**What is being asked:**
Set down again, exactly and only, the lines from the one that contains "Shimano Schaltwerk" through the last line of the records below, both included, but not the pictures.

**Records for processing:**
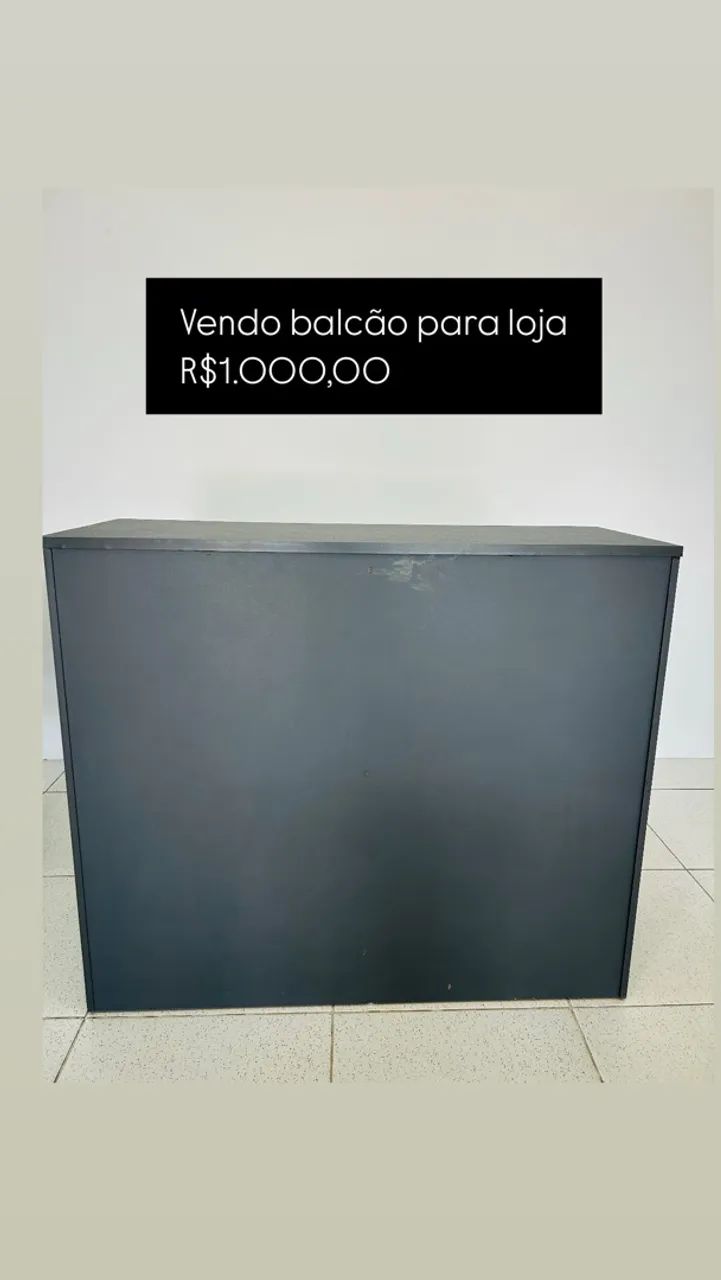 Moveis para loja  - Foto 3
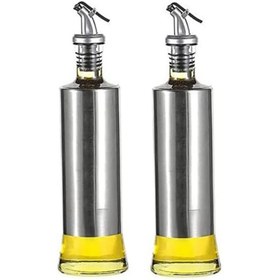 Resim AKUM Sızdırmaz Yağdanlık 350 ml 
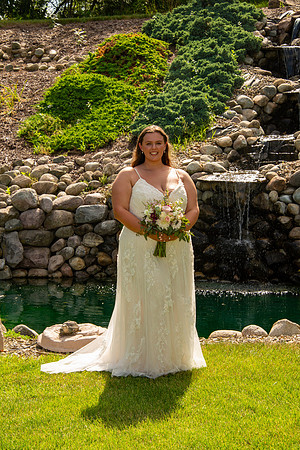 5178-Erin and Tyler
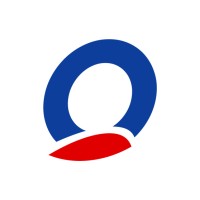 FiberOne Broadband Logo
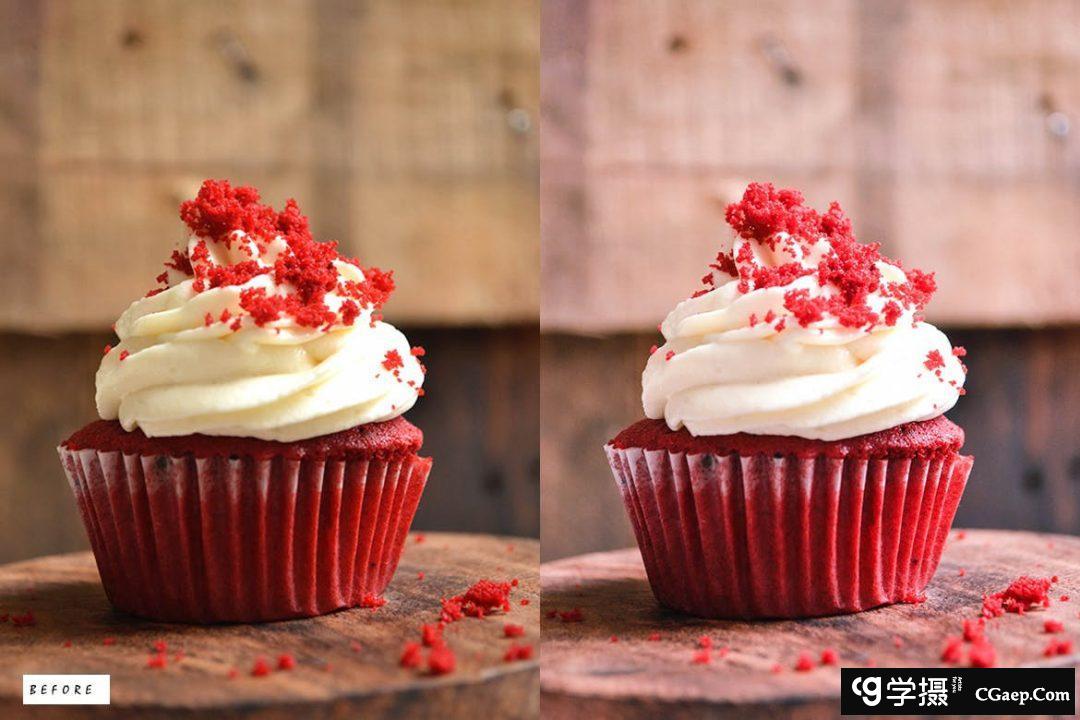 3e18884f25096b876c627c049f3e759e 3e18884f25096b876c627c049f3e759e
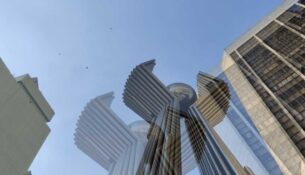 bangladesh_bank_120224_01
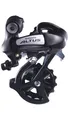 Shimano Schaltwerk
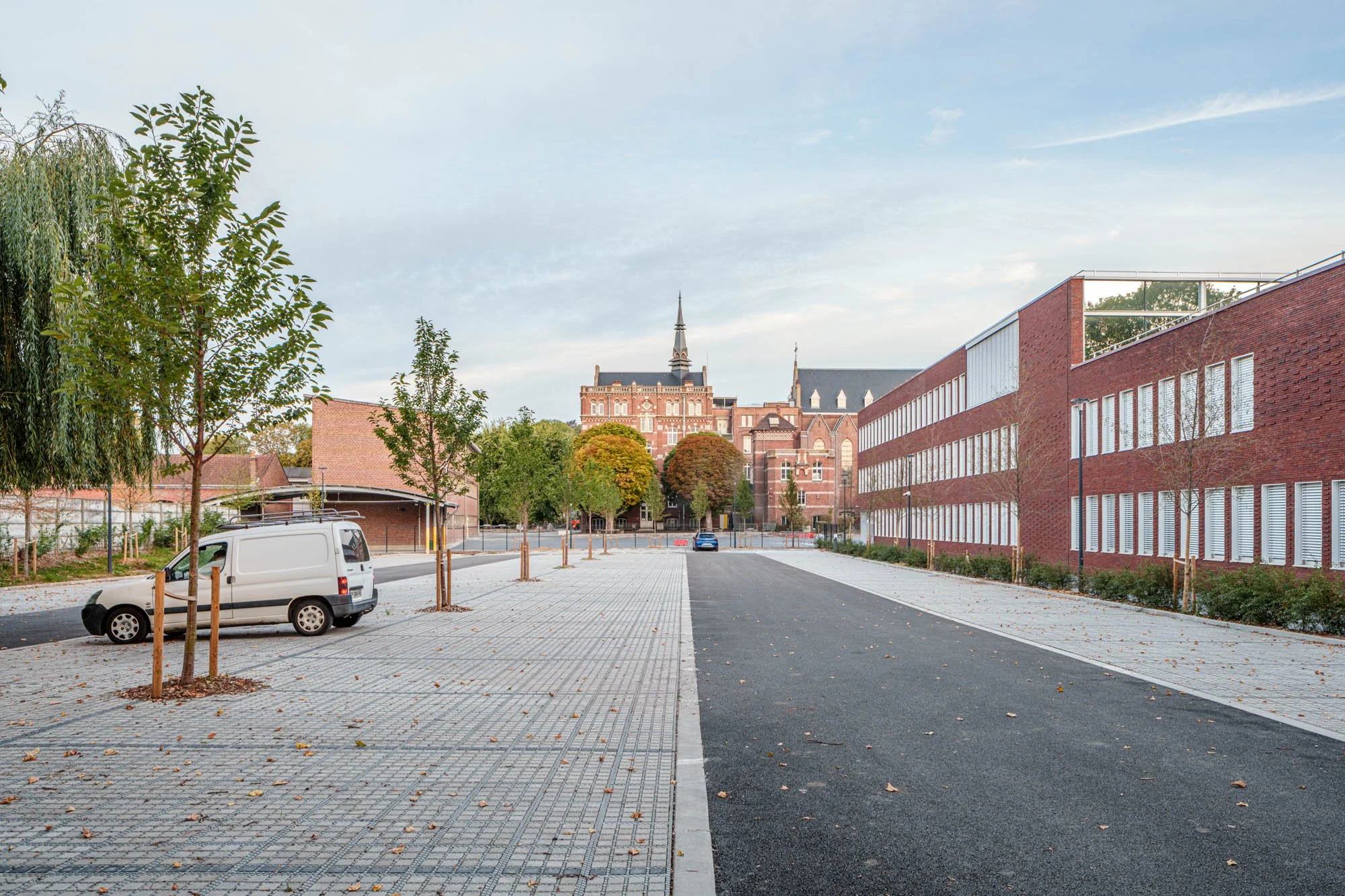 LDKphoto - blaq - Collège St Adrien-21.jpg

**Exercise result:**
 Shimano Schaltwerk
 LDKphoto - blaq - Collège St Adrien-21.jpg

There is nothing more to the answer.